Alberto toca la puerta dos veces, la segunda con más fuerza. Momentos después ve en el umbral un contorno de mujer, una silueta sin facciones, sin voz. La luz que viene del interior ilumina apenas los hombros de la muchacha y el nacimiento de su cuello. «¿Quién es?», dice ella. Alberto no responde. Teresa se aparta un poco hacia la izquierda y Alberto recibe en el rostro un baño de luz tenue.

—Hola —dice Alberto—. Quisiera hablar un momento con él. Es muy urgente. Llámalo por favor.

—Hola, Alberto —dice ella—. No te había reconocido. Pasa. Entra. Me has asustado.
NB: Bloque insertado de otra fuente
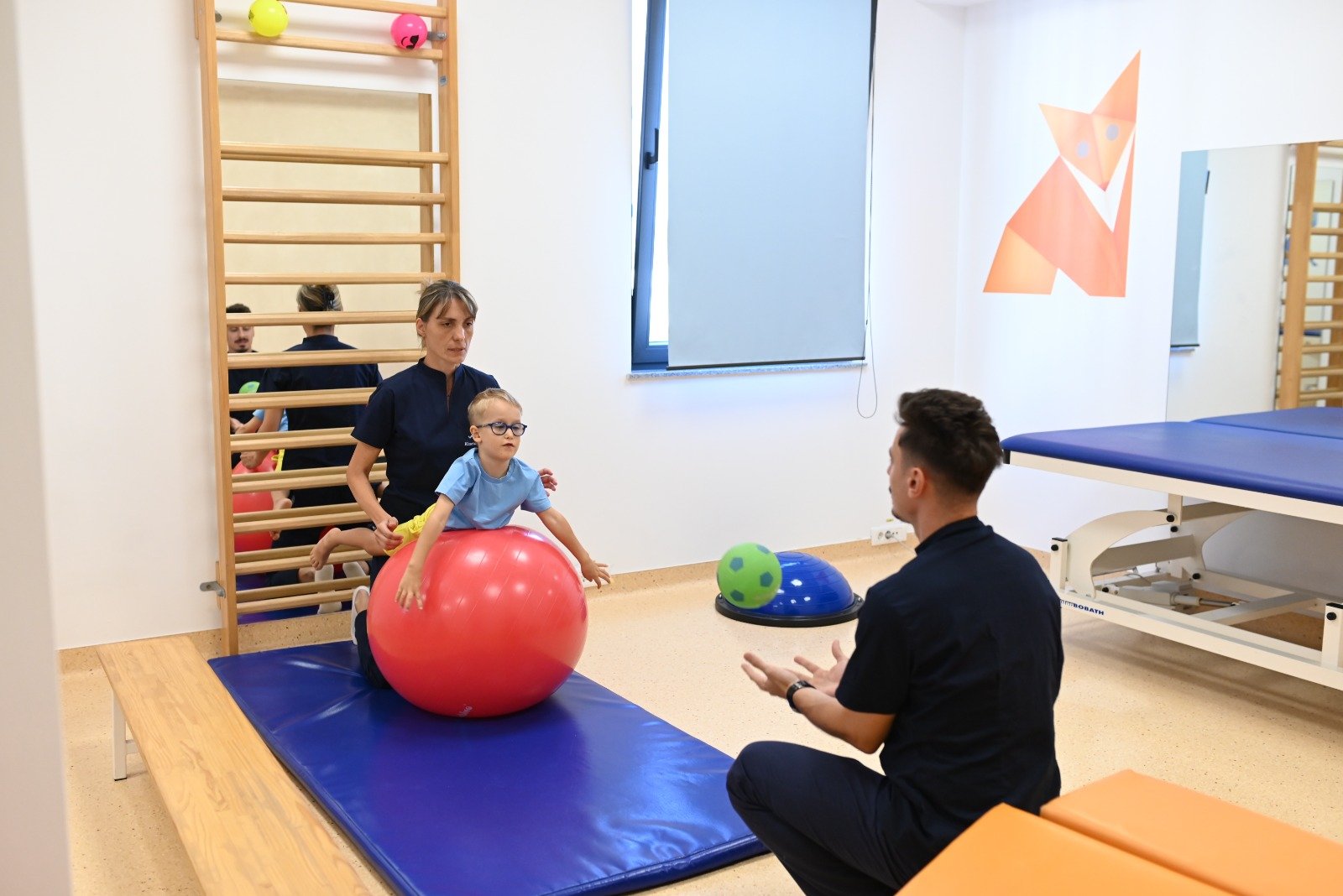 Prevenția în dezvoltarea copilului: importanța evaluărilor profilactice timpurii Multe probleme ale copiilor, precum durerile cronice de spate, posturile incorecte sau dificultățile de învățare, apar adesea ca urmare a unor dezechilibre ascunse, care pot fi identificate mult mai devreme decât devin vizibile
Él entra y agrava la expresión de su rostro a la vez que mira en todas direcciones el cuarto vacío; la cortina que separa las habitaciones oscila y él puede ver una cama ancha, en desorden, y al lado otra más pequeña. Suaviza la expresión y se vuelve: Teresa está cerrando la puerta, de espaldas a él. Alberto ve que ella, antes de girar, se pasa rápidamente la mano por los cabellos y luego corrige los pliegues de su falda. Ahora ella está frente a él. De golpe, Alberto descubre que el rostro tantas veces evocado en el colegio estas últimas semanas, tenía una firmeza que no asoma en el rostro que ve a su lado, el mismo que vio en el cine Metro, o tras esa puerta, cuando se despidieron, un rostro cohibido, unos ojos tímidos que se apartan de los suyos y se abren y cierran como tocados por el sol del verano. Teresa sonríe y parece turbada: sus manos se unen y desunen, caen junto a sus caderas, se apoyan en la pared.

—Me he escapado del colegio —dice él. Enrojece y baja la vista.
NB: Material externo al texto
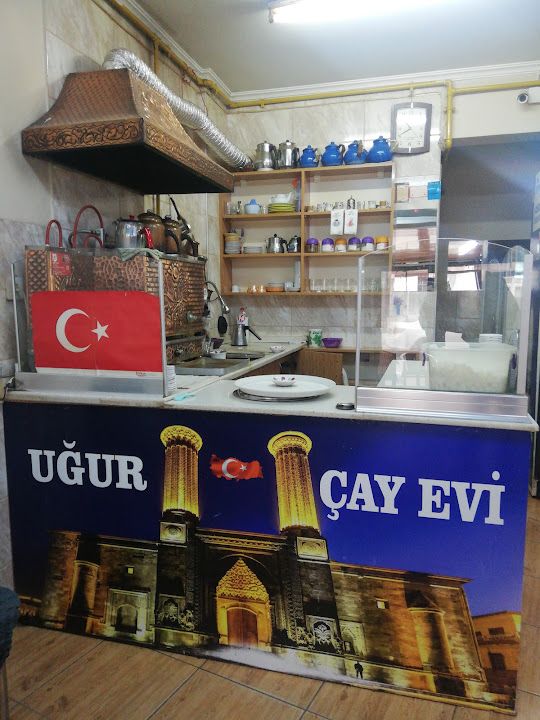 Bay Bayan Uğur Çay Evi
—¿Te has escapado? —Teresa ha abierto los labios pero no dice nada más, sólo lo mira con cierta ansiedad; sus manos han vuelto a juntarse y están suspendidas a pocos centímetros de Alberto—. ¿Qué ha pasado? Cuéntame. Pero, siéntate, no hay nadie, mi tía ha salido.
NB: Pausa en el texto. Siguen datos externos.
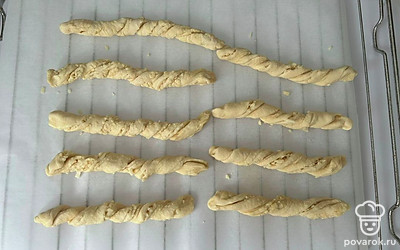Сделайте спиральки и выложите на решетку, застеленную пергаментом.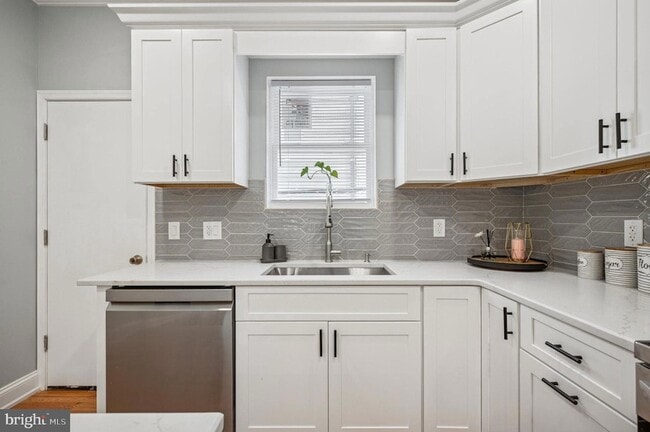 Building Photo - 1317 S 19th St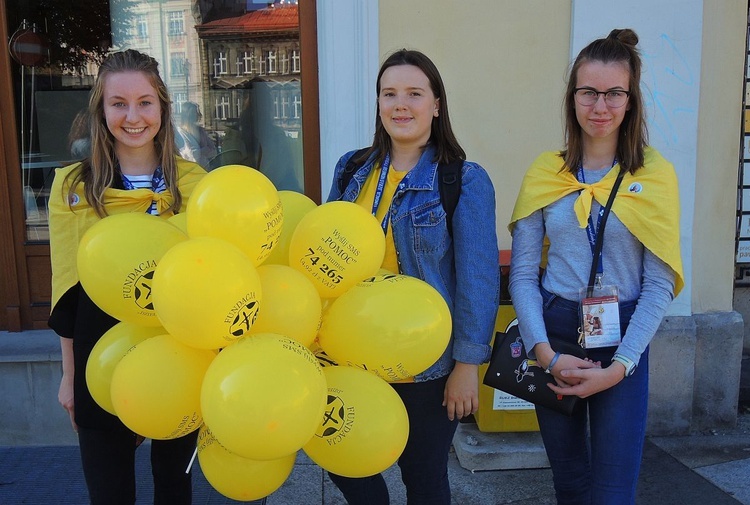 Papiescy stypendyści na bielskim pl. Chrobrego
Él levanta la cabeza y le dice:

—¿Has estado con el Esclavo?

Ella lo mira con los ojos muy abiertos:

—¿Quién?

—Quiero decir, Ricardo Arana.

—Ah —dice ella, como tranquilizada; otra vez está sonriendo—. El muchacho que vive en la esquina.

—¿Ha venido a verte? —insiste él.

—¿A mí? —dice ella—. No. ¿Por qué?

—Dime la verdad —dice él, en alta voz—. ¿Para qué me mientes? Es decir… —Se interrumpe, balbucea algo, se calla. Teresa lo mira muy seria, moviendo apenas la cabeza, las manos quietas a lo largo de su cuerpo, pero en sus ojos asoma un elemento nuevo, todavía impreciso, una luz maliciosa.

—¿Por qué me preguntas eso? —su voz es muy suave y lenta, vagamente irónica.

—El Esclavo salió esta tarde —dice Alberto—. Creí que había venido a verte. Hizo creer que estaba enferma su madre.

—¿Por qué iba a venir? —dice ella.

—Porque está enamorado de ti.

Esta vez todo el rostro de Teresa se ha impregnado de esa luz, sus mejillas, sus labios, su frente, muy tersa, sobre la cual ondean unos cabellos.

—Yo no sabía —dice ella—. Sólo he conversado con él un momento. Pero…

—Por eso me escapé —dice Alberto; queda un instante en silencio, con la boca abierta. Al fin, añade—: Tenía celos. Yo también estoy enamorado de ti.